Families of Sandy Hook victims reach $73 million settlement with Remington

Firearms training unit Detective Barbara Mattson, of the Connecticut State Police, holds up a Bushmaster AR-15 rifle — the same make and model of the gun used in the Sandy Hook School shooting. (Jessica Hill/AP)

Jessica Hill / Jessica Hill

Updated February 15, 2022 at 12:21 PM ET

Families of victims killed in the Sandy Hook Elementary School shooting have reached an agreement to settle a lawsuit against the company that made the murder weapon, for $73 million.

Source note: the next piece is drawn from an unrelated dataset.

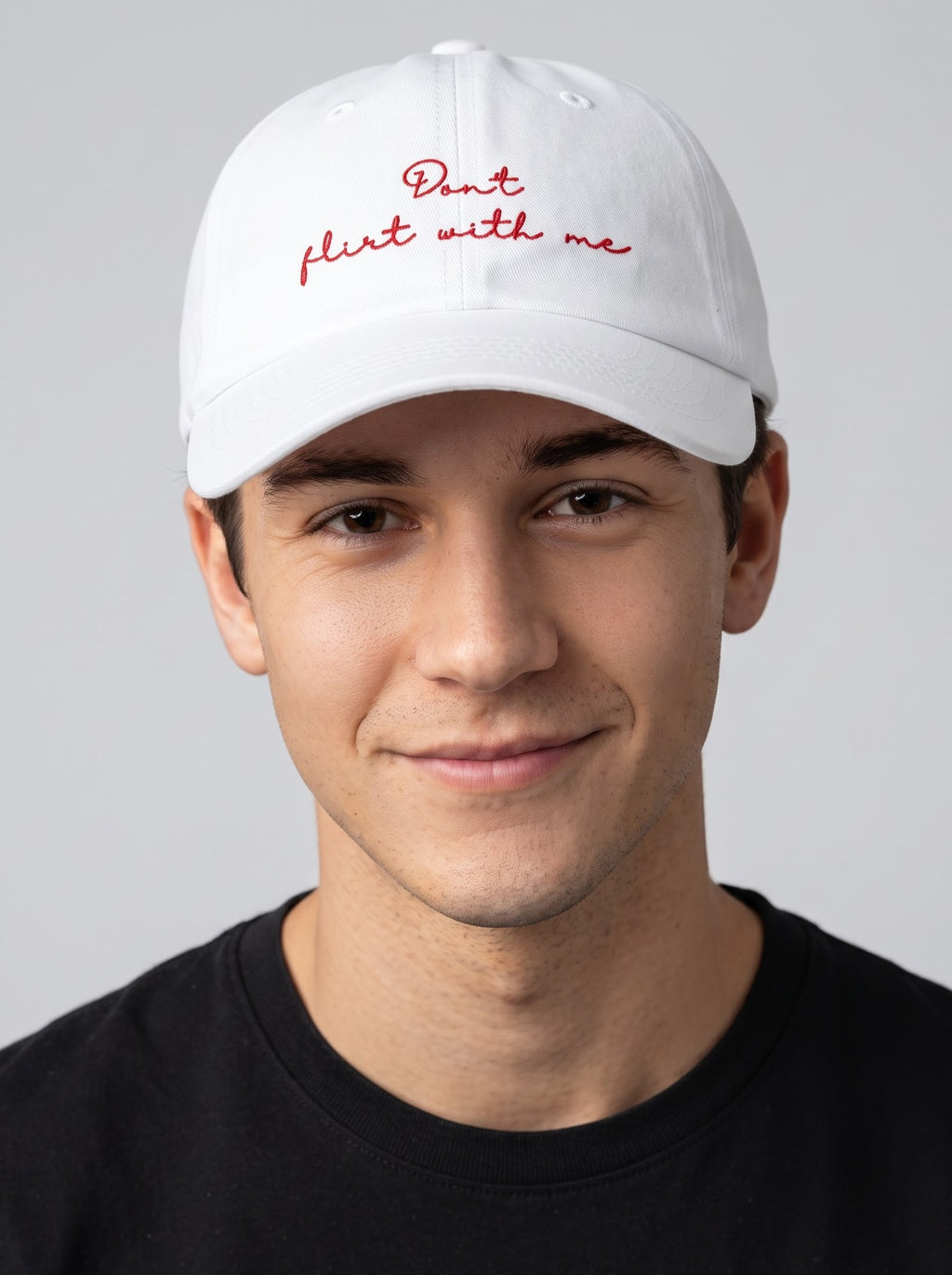 “Don’t Flirt With Me” Embroidered Cap – White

“These nine families have shared a single goal from the very beginning: to do whatever they could to help prevent the next Sandy Hook. It is hard to imagine an outcome that better accomplishes that goal,” said Josh Koskoff, an attorney for victims’ families, in a statement on Tuesday.

According to Koskoff’s law firm, Remington’s four insurers have all agreed to pay the full amount of coverage available, which is the $73 million total. The gun-maker filed for bankruptcy in 2020 and its assets were sold off.

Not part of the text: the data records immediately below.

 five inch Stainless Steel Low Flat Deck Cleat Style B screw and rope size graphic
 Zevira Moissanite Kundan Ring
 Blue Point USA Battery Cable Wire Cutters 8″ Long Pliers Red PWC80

Thousands of pages of internal Remington company documents can also now be made public, according to Koskoff’s law firm.

“This victory should serve as a wake-up call not only to the gun industry, but also the insurance and banking companies that prop it up,” Koskoff said. “For the gun industry, it’s time to stop recklessly marketing all guns to all people for all uses and instead ask how marketing can lower risk rather than court it. For the insurance and banking industries, it’s time to recognize the financial cost of underwriting companies that elevate profit by escalating risk. Our hope is that this victory will be the first boulder in the avalanche that forces that change.”

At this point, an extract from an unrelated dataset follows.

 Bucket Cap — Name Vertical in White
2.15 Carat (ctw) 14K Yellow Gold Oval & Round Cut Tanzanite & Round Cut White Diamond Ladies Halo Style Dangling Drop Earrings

Attorneys for Remington did not immediately reply to a request for comment.

The Dec. 14, 2012, shooting at the Newtown, Conn., school left 20 students and six educators dead.

Two years later, relatives of victims sued the Remington Arms Co. in a Connecticut court. They alleged that the manufacturer marketed and sold assault rifles to civilians, “prioritizing profit over public safety.”

Now, that suit has come to a close. “The plaintiffs in this action hereby give Notice that a settlement agreement has been executed between the parties,” read a Tuesday filing from attorneys representing the estates of people killed in the shooting.

Jury selection in the 7-year-old case was set to begin this September. But now, according to the filing signed by the plaintiffs attorney Josh Koskoff, there’s a request for a hearing to have the case withdrawn.